WORK TASK: Word for word, output the data that follows.

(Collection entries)
──────

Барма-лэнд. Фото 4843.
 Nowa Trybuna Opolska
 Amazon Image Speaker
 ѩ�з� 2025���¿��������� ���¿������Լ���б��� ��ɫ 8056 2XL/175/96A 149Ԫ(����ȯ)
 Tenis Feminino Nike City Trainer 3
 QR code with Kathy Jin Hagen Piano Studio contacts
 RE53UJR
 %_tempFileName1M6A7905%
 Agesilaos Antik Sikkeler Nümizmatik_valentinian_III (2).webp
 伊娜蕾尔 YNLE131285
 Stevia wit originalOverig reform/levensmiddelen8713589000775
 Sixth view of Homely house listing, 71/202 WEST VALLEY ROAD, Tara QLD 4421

──────

ANSWER FOR THIS EXERCISE:
Барма-лэнд. Фото 4843.
 Nowa Trybuna Opolska
 Amazon Image Speaker
 ѩ�з� 2025���¿��������� ���¿������Լ���б��� ��ɫ 8056 2XL/175/96A 149Ԫ(����ȯ)
 Tenis Feminino Nike City Trainer 3
 QR code with Kathy Jin Hagen Piano Studio contacts
 RE53UJR
 %_tempFileName1M6A7905%
 Agesilaos Antik Sikkeler Nümizmatik_valentinian_III (2).webp
 伊娜蕾尔 YNLE131285
 Stevia wit originalOverig reform/levensmiddelen8713589000775
 Sixth view of Homely house listing, 71/202 WEST VALLEY ROAD, Tara QLD 4421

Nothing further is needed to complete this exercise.